When initially acquiring data scanners generate the scan data in native or proprietary formats in what is called a “point cloud”. Once scanning is completed the data is “meshed” and it’s at this stage that the scan data can become more or less usable by a user outside of the specific scanner/CAD workflow. Closed systems, like 3Shape, will move the meshed data in a proprietary format. Any scanner working with exocad CAD will allow the user to “mesh” the data using open formats like stl, ply or obj. The most important take-sway here is that if you choose a closed workflow system be sure that the system still allows you to export scan data in an “open” file format like the three just mentioned (.stl, .ply and .obj.) so that the scan data can be used and accessed by your manufacturing partners. They may charge you extra for this ability.
scanner neway


Annual license fees for the scanner and scanner software are easy to avoid. All you need to do is purchase a scanner that works with exocad CAD. All of the primary scanner suppliers in Canada that work with exocad have no annual fees for the scanner or the scanner software. If you purchase a 3Shape, Dental Wings or In-Lab, because the scanner and the CAD are one package, you’re MANDATORY annual fees apply to both the scanner portion and the CAD portion. The downside of this is that if you decide not to pay the fees your scanner stops working, not just the CAD software. Exocad has two options for their CAD software packages and with one of them annual license fees are optional.

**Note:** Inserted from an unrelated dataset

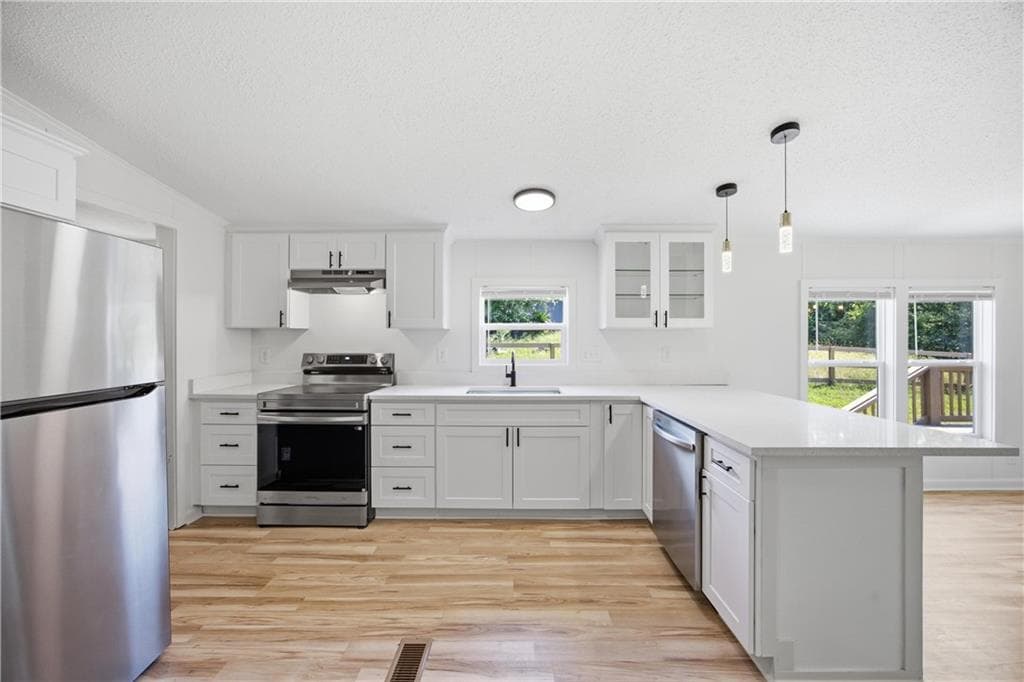 5 bedroom, 3 bathroom, 1,944 sq ft single family residence for sale at 773 Brackett Road, Resaca, GA 30735 — photo 4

Scanner prices are very stable at this point in their evolution. Trying to strip out the price of the scanner only is of course challenging with 3Shape, In-Lab and Dental Wings because their systems are sold as a “scanner and CAD” solution, and it’s extremely rare for them to sell their CAD only. The author has never seen these manufacturers sell the scanner only. If you are thinking of buying only a scanner (with scanner software) then you can expect to pay between $7,000 and $18,000. Unless you only need a scanner to add to scanning capacity then you’ll also need CAD software. Once again, valuing the CAD can get tricky depending on what solution you opt for. In any case you’re total cost of investment for a scanner and CAD solution will range from $14,000 to $35,000.

As you can see there are quite a few variables to consider when choosing a lab scanner. This means that defining the “best” scanner is essentially impossible because any choice is a trade-off. Make sure to choose a solution that best fits your overall needs. This way you get the scanner that is “best” for you, as defined by you.